------ Data excerpt

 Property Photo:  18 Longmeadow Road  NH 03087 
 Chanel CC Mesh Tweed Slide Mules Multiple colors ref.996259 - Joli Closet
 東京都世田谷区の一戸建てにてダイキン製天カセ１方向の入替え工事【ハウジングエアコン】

------------

Work instructions: Copy exactly the lines running from the one that holds "Chanel CC Mesh" to the last line of the listing above. Include both of those lines.

Result for this task:
 Chanel CC Mesh Tweed Slide Mules Multiple colors ref.996259 - Joli Closet
 東京都世田谷区の一戸建てにてダイキン製天カセ１方向の入替え工事【ハウジングエアコン】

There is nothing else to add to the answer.